ZAKATNYA H A T I
Penulis: Ibnu Qayyim
Al-Jauziyyah
Secara bahasa zakat berarti tumbuh dan
bertambah dalam kebaikan, juga berarti kesempurnaan sesuatu. Dikatakan zakasy
syai'u, jika sesuatu itu tumbuh.
Allah berfirman,
خُذْ
مِنْ أَمْوَالِهِمْ صَدَقَةً تُطَهِّرُهُمْ وَتُزَكِّيْهِمْ بِهَا
"Ambillah
zakat dari sebagian harta mereka, dengan zakat itu kamu membersihkan dan
menyucikan mereka." (At-Taubah: 103).
Dua hal, yakni pertumbuhan dan
kebersihan dikumpulkan karena keterikatan satu dengan yang lain.
Sesungguhnya
kotornya berbagai perbuatan keji dan maksiat dalam hati sama dengan berbagai
adukan kotoran yang ada pada tubuh, atau sama dengan kerusakan yang terjadi
pada tanaman, atau sama dengan dekil yang ada pada emas, perak, tembaga dan
besi. Sebagaimana badan, jika ia dikosongkan dari berbagai kotoran akan menjadi
murnilah kekuatan alamiahnya sehingga dia menjadi ringan, lalu ia mampu bekerja
tanpa penghalang dan kendala, dan badan pun tumbuh sehat, maka demikian pula
dengan hati jika ia bebas dari berbagai dosa dengan taubat, ia berarti bebas
dari kotoran, sehingga menjadi murnilah kekuatan hati dan keinginannya pada
kebaikan, ia menjadi leluasa tanpa godaan dari faktor-faktor perusak dan
materi-materi yang rendah, ia pun tumbuh dan berkembang, kuat dan kokoh, duduk
di atas singgasana kerajaannya, dan memerintahkan berbagai aturannyakepadarakyatnya
(anggota tubuh).
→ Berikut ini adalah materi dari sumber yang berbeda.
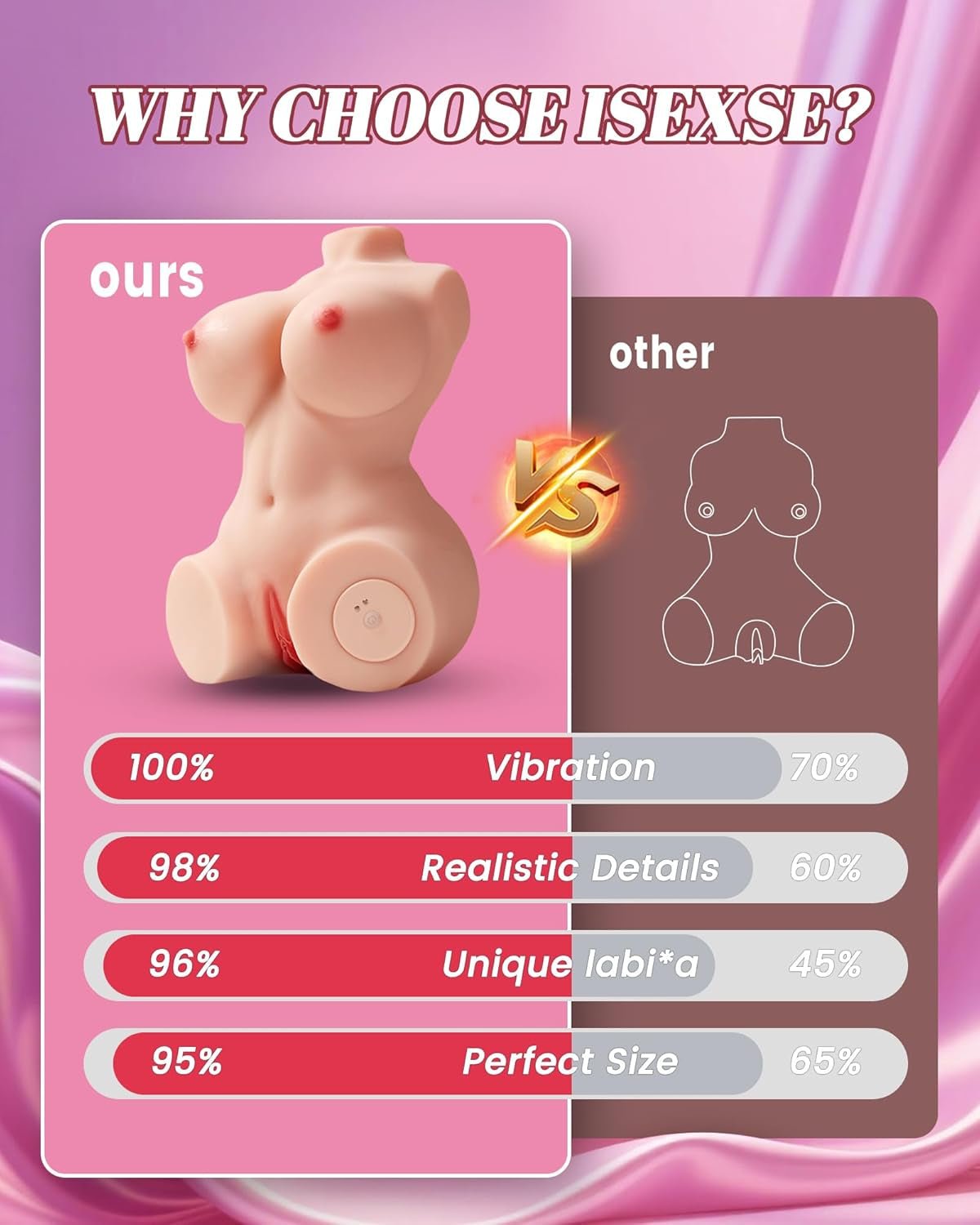 PulseForm Vibrating Dual Channel Torso Sex Doll 5.8LB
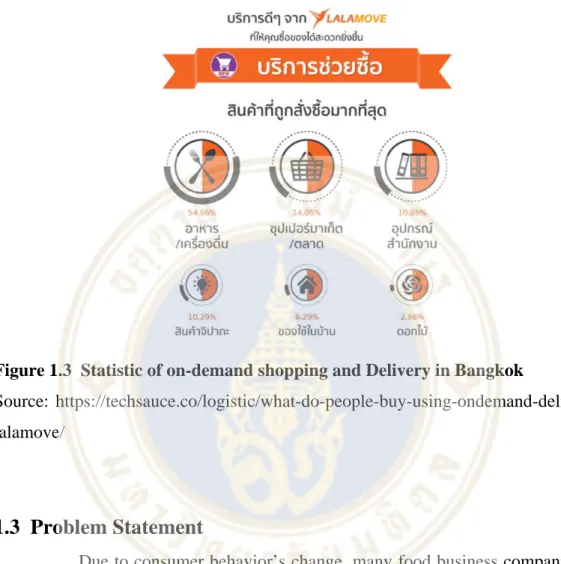 Figure 1.3  Statistic of on-demand shopping and Delivery in Bangkok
Semua mendengar dan taat padanya. Karena itu, tidak ada jalan
bagi pertumbuhannya kecuali setelah ia bersih, sebagaimana firman Allah,
قُلْ
لِّلْمُؤْمِنِيْنَ يَغُضُّوا مِنْ أَبْصَارِهِمْ وَيَحْفَظُوا فُرُوجَهُمْ ذَلِكَ
أَزْكَى لَهُمْ إِنَّ اللهَ خَبِيْرٌ بِمَا يَصْنَعُونَ
"Katakanlah kepada
orang laki-laki yang beriman, 'Hendaklah mereka menahan pandangannya dan
memelihara kemaluannya, yang demikian itu adalah lebih suci bagi mereka.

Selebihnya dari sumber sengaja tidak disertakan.